American MBA programs are the cream of the crop, offering their students the best resources imaginable. Admission to these programs is incredibly valuable, a fact that is reflected in their cost. Many international students do not even consider American MBAs a viable option, due to their famously high costs. This is a shame, as these students give up on their dream schools without even exploring funding options. I would like to take this opportunity to provide some insight into how one may fund an American MBA.
Scholarships Scholarships that cover up to 100% of expenses are available for MBA programs. Coming from a humble background, I funded my own MBA through a scholarship. These scholarships are, typically, merit-based and their availability and extent depend on the exact same factors that govern admissions. However, not all schools are scholarship friendly. A candidate must thoroughly research scholarship opportunities, while short-listing schools.

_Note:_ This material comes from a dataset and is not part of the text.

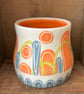 Ceramic hand thrown pot with unique orange and blue decoration - Image 3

The candidate must also study the profiles of previous scholarship winners and realistically assessment of their chances while finalizing their preferred schools. Here are some prominent scholarship friendly US schools- Olin, Carey, Boston University, Owen, Jones, Smeal, Broad, and Irvine. Collateral Free Loans Most of the US Top 20 schools have tie-ups with American financial institutions that offer loans to the school’s students, without collateral or a co-signer. These loans cover tuition and living expenses, at an attractive rate (around 5%).
These loans are a great option for those who plan on working in the US, after graduation. All programs that have these loans are fiercely competitive, though. The candidate must carefully research the availability of such loans and their chances of admission in such, premier schools. Some of the schools with this loan option are Harvard, Wharton, Booth, Stanford, Stern, Duke, Yale, and Cornell. A Co-Signer Based in America US Citizens and Green Card holders, with healthy credit histories, can co-sign education loans for international students.
If you know anyone in such a position, who is willing to vouch for you, this is a good option. These loans are quite cheap (around 5%) and very common, most of the US top 75 MBA programs have them. Affordable Programs Not all US programs are expensive, nor is affordability synonymous with a low ranking. Consider BYU Marriot, a US Top 35 school whose total expenses, for international students, comes out to only 65,000$. With careful research and due deliberation, it is not hard to find a program that is both prominent and affordable.
To do so, use resources such as the US New Rankings to understand each program’s fee structure, employability, average starting salaries etc. Earn while Studying MBA students can earn quite well while studying. In fact, most MBA students earn their living expense and only arrange for their tuition fees. The American University ecosystem and program structure provide ample opportunity for candidates to earn.
International students may work for up to 20 hours per week; various Graduate Assistantships, Teaching Assistantships, and Campus jobs are easily available. In addition to this, most MBA programs involve a three-month internship period during which candidates can earn up to 6,000$. The main takeaway here is that there are many options for funding an American MBA. Aspiring candidates should not spend an undue amount of time worrying about them and should focus on what is in their control- GMAT, profile and applications.